[[ RECORDS TO PROCESS open ]]
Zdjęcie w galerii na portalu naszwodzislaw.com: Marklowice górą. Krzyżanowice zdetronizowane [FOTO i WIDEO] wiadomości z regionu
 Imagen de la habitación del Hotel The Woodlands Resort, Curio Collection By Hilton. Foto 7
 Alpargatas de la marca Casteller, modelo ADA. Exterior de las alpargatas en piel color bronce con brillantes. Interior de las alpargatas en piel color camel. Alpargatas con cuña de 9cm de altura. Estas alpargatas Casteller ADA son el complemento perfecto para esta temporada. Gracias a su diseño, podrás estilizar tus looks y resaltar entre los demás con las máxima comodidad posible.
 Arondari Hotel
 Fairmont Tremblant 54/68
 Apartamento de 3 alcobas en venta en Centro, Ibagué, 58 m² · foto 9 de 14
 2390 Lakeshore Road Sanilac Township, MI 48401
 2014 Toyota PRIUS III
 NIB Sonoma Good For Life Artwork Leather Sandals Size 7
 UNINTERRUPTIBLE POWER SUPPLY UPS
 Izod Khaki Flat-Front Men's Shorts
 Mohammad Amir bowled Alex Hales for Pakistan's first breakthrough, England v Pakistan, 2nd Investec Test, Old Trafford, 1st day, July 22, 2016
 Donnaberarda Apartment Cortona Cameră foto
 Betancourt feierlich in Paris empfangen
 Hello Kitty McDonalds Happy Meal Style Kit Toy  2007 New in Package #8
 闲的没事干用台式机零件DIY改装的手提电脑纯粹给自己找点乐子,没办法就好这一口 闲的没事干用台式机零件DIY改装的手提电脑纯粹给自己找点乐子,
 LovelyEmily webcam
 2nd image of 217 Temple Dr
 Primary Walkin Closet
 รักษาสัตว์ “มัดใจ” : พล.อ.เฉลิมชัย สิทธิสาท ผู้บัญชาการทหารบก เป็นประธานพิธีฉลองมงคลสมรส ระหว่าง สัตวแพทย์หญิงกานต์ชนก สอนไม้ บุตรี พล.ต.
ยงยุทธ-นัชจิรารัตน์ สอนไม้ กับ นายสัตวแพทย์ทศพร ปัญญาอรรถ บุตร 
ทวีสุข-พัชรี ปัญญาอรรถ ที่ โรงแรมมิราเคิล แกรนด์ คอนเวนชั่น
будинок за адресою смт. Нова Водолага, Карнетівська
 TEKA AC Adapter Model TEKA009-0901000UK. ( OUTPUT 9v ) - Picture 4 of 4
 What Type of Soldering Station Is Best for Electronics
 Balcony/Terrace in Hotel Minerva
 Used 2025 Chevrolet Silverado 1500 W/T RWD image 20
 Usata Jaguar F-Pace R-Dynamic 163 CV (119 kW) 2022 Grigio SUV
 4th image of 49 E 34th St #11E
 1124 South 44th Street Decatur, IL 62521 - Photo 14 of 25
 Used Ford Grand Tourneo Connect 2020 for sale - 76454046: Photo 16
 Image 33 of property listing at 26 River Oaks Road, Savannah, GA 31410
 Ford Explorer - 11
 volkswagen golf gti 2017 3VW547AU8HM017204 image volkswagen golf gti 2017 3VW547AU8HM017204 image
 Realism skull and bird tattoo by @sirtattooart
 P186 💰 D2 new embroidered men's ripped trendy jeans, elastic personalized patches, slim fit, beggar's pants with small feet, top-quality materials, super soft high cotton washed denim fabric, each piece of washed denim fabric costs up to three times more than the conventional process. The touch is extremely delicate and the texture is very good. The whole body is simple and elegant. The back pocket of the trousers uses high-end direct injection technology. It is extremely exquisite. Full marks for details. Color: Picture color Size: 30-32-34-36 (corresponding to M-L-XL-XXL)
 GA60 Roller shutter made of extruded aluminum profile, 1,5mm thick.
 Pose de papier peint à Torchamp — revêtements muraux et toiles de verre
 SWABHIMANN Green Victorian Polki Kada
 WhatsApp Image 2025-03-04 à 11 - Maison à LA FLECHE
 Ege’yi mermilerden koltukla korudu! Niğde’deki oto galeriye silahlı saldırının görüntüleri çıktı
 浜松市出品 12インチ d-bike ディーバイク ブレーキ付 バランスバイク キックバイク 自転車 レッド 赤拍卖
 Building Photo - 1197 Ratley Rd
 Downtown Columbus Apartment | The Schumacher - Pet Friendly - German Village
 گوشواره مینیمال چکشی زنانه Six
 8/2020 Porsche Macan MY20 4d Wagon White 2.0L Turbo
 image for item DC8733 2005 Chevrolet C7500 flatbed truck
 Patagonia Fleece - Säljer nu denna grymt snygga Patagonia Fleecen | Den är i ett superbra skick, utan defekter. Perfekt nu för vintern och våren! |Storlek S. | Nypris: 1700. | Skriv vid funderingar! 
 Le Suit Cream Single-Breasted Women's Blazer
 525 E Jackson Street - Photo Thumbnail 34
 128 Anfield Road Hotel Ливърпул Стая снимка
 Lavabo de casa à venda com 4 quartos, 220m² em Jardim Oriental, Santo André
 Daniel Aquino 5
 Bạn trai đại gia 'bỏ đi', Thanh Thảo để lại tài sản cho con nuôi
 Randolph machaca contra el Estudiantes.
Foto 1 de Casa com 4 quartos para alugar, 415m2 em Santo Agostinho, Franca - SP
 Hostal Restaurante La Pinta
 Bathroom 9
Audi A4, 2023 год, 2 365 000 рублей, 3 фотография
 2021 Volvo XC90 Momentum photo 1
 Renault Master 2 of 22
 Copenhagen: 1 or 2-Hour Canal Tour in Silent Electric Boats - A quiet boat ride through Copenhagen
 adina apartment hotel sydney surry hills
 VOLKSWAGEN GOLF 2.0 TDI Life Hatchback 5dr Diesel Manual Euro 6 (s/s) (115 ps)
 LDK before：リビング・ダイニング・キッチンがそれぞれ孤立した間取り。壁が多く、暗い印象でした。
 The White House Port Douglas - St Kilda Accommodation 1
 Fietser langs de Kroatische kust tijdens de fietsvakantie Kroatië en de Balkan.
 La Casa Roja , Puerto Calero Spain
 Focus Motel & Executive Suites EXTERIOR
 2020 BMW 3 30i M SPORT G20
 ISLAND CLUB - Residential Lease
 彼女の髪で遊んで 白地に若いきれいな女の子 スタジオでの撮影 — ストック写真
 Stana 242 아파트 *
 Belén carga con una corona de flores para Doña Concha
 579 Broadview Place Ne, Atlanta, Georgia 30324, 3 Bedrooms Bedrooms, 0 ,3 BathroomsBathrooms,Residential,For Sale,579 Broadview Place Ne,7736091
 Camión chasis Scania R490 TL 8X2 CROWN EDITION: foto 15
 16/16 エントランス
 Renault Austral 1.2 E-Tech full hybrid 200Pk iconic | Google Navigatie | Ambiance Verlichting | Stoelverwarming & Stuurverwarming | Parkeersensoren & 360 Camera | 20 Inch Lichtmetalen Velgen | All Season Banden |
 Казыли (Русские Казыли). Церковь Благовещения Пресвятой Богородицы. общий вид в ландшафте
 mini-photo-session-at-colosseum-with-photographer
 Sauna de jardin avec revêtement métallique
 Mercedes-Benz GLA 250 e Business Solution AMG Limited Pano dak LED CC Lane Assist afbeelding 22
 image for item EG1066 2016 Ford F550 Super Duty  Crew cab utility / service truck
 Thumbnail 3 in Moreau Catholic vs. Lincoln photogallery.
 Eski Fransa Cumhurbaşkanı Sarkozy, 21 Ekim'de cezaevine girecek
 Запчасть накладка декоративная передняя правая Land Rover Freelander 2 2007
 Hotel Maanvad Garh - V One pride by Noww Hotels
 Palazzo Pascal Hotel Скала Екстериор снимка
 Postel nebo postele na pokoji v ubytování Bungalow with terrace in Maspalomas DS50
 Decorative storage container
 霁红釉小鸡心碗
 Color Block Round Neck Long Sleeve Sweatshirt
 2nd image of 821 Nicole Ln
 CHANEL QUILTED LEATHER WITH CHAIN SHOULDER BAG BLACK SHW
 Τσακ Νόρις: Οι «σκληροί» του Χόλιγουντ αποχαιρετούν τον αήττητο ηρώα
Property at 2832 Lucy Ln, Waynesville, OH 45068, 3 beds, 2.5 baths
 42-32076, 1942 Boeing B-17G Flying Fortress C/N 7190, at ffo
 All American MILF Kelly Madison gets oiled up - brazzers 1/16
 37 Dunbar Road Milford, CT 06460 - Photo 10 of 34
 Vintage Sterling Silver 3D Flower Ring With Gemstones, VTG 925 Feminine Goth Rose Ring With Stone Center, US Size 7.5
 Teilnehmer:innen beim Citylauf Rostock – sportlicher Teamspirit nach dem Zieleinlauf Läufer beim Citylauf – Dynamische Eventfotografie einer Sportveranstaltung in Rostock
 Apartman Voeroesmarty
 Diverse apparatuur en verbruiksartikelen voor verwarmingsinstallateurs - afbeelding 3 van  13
[[ RECORDS TO PROCESS closed ]]
* YOUR INSTRUCTIONS:
For each line in the entries that holds "Size", return that line.

* RESULT:
 NIB Sonoma Good For Life Artwork Leather Sandals Size 7
 P186 💰 D2 new embroidered men's ripped trendy jeans, elastic personalized patches, slim fit, beggar's pants with small feet, top-quality materials, super soft high cotton washed denim fabric, each piece of washed denim fabric costs up to three times more than the conventional process. The touch is extremely delicate and the texture is very good. The whole body is simple and elegant. The back pocket of the trousers uses high-end direct injection technology. It is extremely exquisite. Full marks for details. Color: Picture color Size: 30-32-34-36 (corresponding to M-L-XL-XXL)
 Vintage Sterling Silver 3D Flower Ring With Gemstones, VTG 925 Feminine Goth Rose Ring With Stone Center, US Size 7.5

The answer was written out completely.